Critica in semiotica estetica dell’Opera “Tiphareth” di Isabella Angelini
Il simbolismo mistico della Angelini si sospinge al centro dell’albero della vita, in equilibrio fra assorbimento e cessione generosa, a ricercare il senso della bellezza nella manifestazione della scintilla divina, nella verità. È la porta fra tempo ed eternità, fra molteplicità ed unità: armonia e integrazione degli opposti, che si colloca nel cuore redentore, al luogo di trasmutazione alchemica.

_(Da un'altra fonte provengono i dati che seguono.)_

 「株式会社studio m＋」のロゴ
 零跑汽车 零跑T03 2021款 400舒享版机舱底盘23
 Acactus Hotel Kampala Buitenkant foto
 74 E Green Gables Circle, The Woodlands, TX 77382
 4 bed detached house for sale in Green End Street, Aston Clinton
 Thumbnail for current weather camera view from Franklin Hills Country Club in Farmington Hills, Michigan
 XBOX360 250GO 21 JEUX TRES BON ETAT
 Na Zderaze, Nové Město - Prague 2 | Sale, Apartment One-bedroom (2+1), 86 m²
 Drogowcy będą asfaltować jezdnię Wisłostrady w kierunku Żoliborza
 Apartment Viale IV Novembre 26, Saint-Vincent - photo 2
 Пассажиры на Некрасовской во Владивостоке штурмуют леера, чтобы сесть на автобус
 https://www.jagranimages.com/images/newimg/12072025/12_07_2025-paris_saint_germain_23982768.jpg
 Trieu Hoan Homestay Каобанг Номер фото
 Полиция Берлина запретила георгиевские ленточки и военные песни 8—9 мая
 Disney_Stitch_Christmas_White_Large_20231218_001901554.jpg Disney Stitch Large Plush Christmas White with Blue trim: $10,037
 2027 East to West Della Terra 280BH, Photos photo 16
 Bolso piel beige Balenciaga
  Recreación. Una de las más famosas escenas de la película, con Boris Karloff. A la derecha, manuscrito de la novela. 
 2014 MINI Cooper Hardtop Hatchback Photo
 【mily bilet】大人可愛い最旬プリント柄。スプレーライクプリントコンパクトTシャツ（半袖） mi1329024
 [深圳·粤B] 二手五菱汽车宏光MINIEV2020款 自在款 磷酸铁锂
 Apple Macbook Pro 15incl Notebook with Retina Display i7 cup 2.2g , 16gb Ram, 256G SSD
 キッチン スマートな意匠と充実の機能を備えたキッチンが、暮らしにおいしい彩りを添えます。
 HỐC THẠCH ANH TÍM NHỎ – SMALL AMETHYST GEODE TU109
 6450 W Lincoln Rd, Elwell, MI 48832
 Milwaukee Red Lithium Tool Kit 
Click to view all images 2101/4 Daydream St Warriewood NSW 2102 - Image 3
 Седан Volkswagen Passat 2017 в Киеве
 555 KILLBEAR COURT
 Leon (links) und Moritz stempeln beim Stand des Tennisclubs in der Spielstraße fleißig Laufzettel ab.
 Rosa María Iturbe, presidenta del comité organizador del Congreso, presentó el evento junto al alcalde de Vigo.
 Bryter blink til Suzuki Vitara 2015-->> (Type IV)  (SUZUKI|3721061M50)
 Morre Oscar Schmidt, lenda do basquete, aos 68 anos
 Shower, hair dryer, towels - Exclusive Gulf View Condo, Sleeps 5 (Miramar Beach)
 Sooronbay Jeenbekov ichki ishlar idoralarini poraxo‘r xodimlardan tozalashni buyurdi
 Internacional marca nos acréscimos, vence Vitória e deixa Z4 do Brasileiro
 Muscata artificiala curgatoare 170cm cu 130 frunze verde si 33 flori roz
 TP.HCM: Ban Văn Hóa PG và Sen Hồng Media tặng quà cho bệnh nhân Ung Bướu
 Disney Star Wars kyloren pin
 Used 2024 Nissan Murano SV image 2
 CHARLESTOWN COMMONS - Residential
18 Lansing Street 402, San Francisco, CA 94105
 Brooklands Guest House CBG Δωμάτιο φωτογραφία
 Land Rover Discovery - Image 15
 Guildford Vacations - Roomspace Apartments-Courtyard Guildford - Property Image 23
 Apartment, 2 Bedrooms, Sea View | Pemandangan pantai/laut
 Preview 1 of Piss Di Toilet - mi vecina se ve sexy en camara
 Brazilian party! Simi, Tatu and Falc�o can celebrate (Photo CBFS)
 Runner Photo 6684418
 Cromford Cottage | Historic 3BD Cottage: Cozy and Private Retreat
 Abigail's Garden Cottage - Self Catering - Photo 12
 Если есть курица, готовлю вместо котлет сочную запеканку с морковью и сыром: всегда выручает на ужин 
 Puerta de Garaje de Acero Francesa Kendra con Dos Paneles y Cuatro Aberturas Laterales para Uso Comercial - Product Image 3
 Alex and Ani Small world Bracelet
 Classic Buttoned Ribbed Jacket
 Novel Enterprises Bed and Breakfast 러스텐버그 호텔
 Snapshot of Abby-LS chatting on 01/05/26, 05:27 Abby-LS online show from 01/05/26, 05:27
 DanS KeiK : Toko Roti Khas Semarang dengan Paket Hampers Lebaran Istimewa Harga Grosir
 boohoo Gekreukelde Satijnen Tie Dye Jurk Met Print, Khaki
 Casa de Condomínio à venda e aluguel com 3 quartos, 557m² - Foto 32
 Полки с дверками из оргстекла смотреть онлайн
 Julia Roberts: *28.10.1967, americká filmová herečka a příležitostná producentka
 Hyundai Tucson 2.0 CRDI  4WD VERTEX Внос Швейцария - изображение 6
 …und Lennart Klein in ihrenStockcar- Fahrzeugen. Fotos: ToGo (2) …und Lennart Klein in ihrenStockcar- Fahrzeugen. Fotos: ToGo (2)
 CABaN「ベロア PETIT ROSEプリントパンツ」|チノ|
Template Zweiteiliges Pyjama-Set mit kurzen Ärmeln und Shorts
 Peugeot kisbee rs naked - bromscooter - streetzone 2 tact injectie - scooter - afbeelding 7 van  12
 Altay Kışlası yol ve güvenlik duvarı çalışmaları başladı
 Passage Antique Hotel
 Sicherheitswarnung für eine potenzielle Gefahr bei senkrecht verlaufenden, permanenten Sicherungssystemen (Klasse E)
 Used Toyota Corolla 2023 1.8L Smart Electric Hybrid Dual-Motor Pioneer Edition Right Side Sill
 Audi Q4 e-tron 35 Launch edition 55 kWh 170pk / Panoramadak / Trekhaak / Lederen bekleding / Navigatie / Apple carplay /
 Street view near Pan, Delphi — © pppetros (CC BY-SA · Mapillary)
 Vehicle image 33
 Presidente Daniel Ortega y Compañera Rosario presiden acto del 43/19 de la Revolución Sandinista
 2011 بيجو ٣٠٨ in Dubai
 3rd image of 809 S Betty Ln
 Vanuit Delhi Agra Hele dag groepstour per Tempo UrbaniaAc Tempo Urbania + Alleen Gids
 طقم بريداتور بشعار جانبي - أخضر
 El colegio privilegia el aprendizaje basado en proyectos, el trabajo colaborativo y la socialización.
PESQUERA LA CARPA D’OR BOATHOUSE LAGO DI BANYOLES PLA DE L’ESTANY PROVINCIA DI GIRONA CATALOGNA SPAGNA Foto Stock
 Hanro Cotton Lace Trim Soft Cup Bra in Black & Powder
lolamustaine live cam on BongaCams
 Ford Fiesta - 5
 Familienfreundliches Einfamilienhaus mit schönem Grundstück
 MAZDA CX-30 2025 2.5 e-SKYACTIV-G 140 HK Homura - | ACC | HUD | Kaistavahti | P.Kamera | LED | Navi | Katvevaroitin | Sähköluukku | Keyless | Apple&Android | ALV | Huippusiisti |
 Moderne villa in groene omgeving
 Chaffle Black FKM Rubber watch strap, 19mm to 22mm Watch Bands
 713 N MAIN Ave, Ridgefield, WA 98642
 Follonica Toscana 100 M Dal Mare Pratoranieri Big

È il sacrificio che libera la forza dalla forma e che conduce all’esperienza trascendentale della conoscenza: il pellicano incarna il dono supremo di sangue e di acqua, la purificazione della corruzione materiale e la fonte stessa della vita.
Critica in semiotica estetica dell’Opera “Ciò che ci unisce e ciò che incatena” di Isabella Angelini
Il viaggio onirico della Angelini sospinge l’ontogenesi nel valore di una ricapitolazione filogenetica e di un legame armonico di cosmogenesi. L’artista chiama la specie umana a liberarsi dal tempo lineare e ad aprirsi ad uno stadio di conoscenza superiore, che comprenda e che accolga le immagini originarie e metaindividuali nella rinascita in ogni uomo. È esortazione alla provenienza dall’ombra materiale comune e al fiorire spirituale, percorrendo il cammino individuativo di sintesi alchemica a nuova consapevolezza, perché ognuno operi alla presentificazione di una verità universale.
Critica in semiotica estetica dell’Opera “Che cos'è un'ape” di Isabella Angelini
Il segreto iridato dell’opera dell’Angelini è il senso: l’oro ulteriore dello spazio fra medesimezza e alterità. Come i neuroni cerebrali, le celle esagonali dell’alveare sono un frattale, una ripetizione variata: è fra coscienza e inconscio l’eternante messa in opera della verità delle api, a secernere il sapere dal sapore. Il movimento metaforico dell’apis mellifera è eterna rinascita della natura e il luogo che rifonde unitaria la totalità è la dimensione relazionale.